Captioned web image data:
== Segment start ==

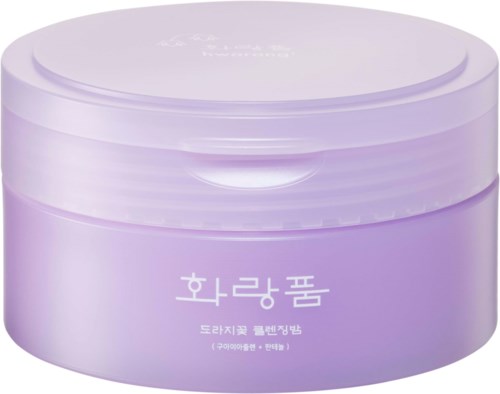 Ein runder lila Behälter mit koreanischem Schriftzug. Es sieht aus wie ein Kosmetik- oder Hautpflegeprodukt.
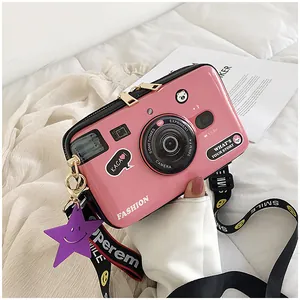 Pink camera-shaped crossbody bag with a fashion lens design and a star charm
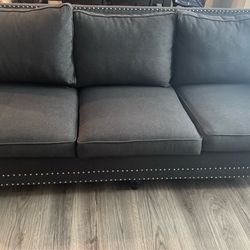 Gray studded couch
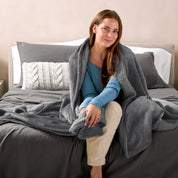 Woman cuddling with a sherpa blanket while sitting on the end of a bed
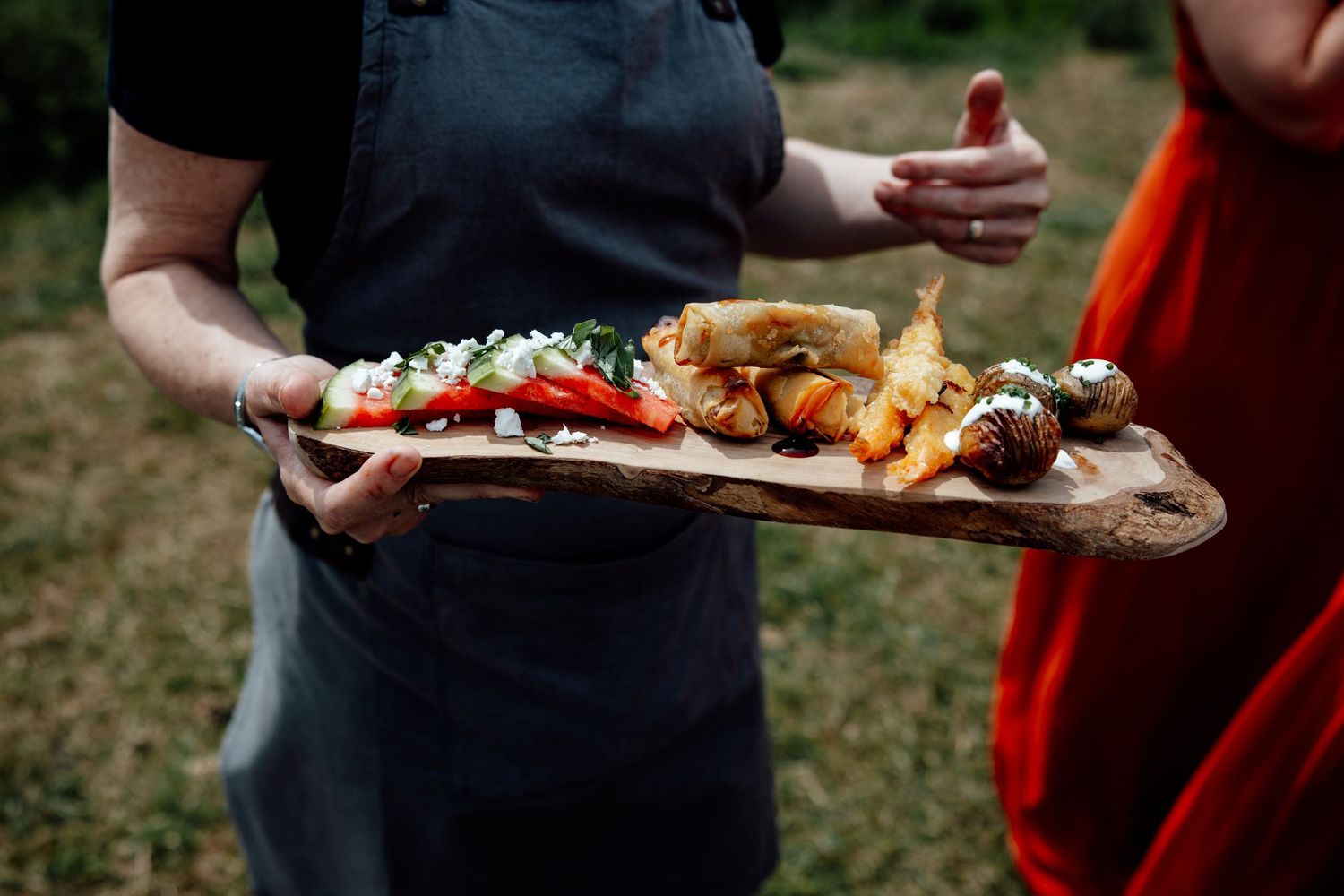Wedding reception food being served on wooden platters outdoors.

== Segment end ==

◆ Required work: In the copy, include no pictures; otherwise transcribe the entries exactly.

◆ Result of this exercise:
 Ein runder lila Behälter mit koreanischem Schriftzug. Es sieht aus wie ein Kosmetik- oder Hautpflegeprodukt.
 Pink camera-shaped crossbody bag with a fashion lens design and a star charm
 Gray studded couch
 Woman cuddling with a sherpa blanket while sitting on the end of a bed
Wedding reception food being served on wooden platters outdoors.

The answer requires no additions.